DATASET EXCERPTS ▸
· · · · ·

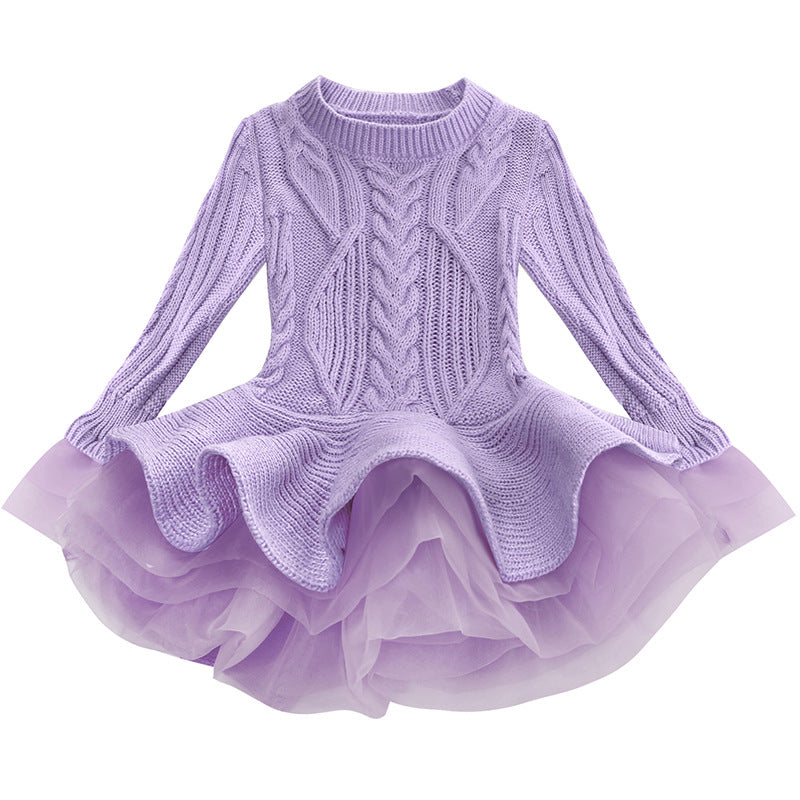 Elegante abitino caldo per bambina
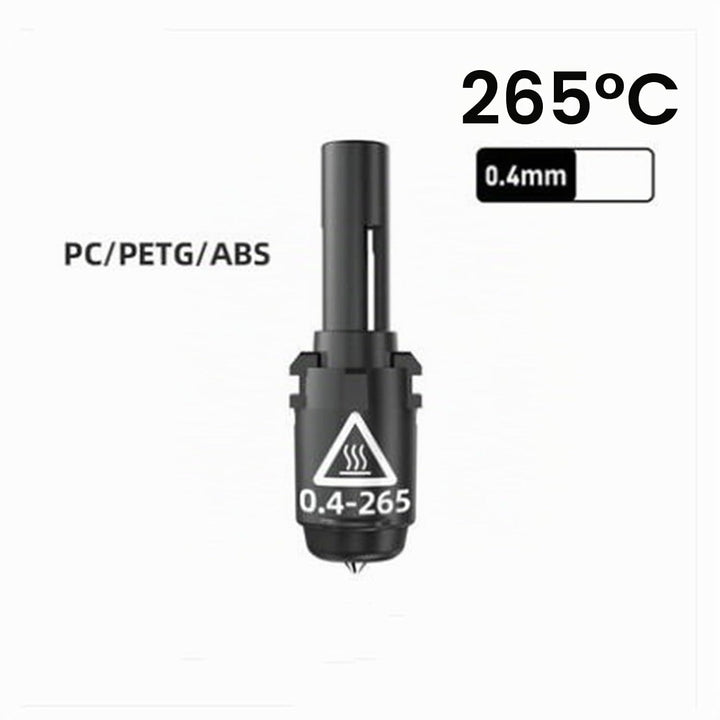 LICHIFIT Ersatzdüse, Montage-Hotend-Kit 265 ℃, Hochtemperaturdüse für Adventurer 3/4 3D-Drucker, ver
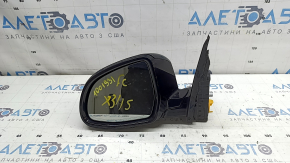 Left side mirror assembly BMW X3 F25 15-17 9 pins, turn signal, auto-dimming, heated, camera, Shadow-Line, black 475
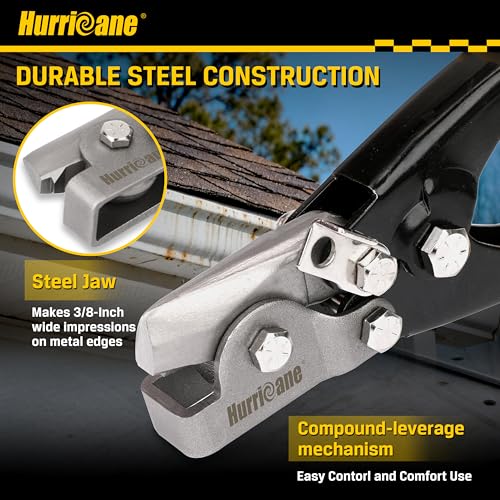 HURRICANE Snap Lock Punch Tool, 3/8 Inch Impression Gutter - Image 6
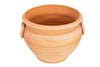 Biscottini Vaso Biscottini Caspò Orcio Conca Terracotta Toscana D44xH33 Antigelo Resistente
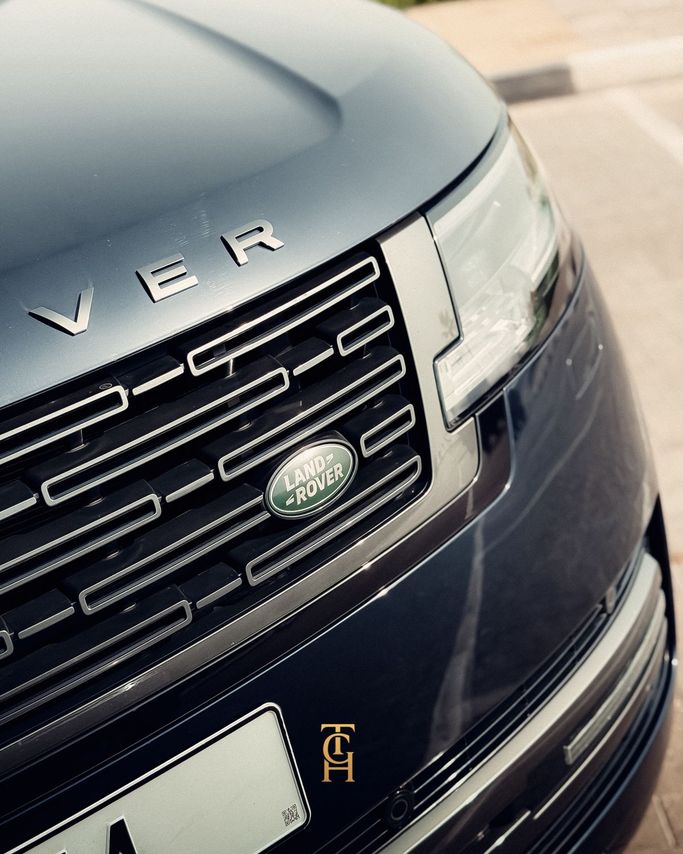 Used Land Rover Range Rover P400 MHEV LONG V, 3.0 l, 2023 in Dubai by TCH MOTORS, Navy Blue color. American Specs | AUTO.AE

· · · · ·

All lines above must be repeated exactly, and the pictures must be omitted.

SOLUTION TO THE PROBLEM ▸
 Elegante abitino caldo per bambina
 LICHIFIT Ersatzdüse, Montage-Hotend-Kit 265 ℃, Hochtemperaturdüse für Adventurer 3/4 3D-Drucker, ver
 Left side mirror assembly BMW X3 F25 15-17 9 pins, turn signal, auto-dimming, heated, camera, Shadow-Line, black 475
 HURRICANE Snap Lock Punch Tool, 3/8 Inch Impression Gutter - Image 6
 Biscottini Vaso Biscottini Caspò Orcio Conca Terracotta Toscana D44xH33 Antigelo Resistente
 Used Land Rover Range Rover P400 MHEV LONG V, 3.0 l, 2023 in Dubai by TCH MOTORS, Navy Blue color. American Specs | AUTO.AE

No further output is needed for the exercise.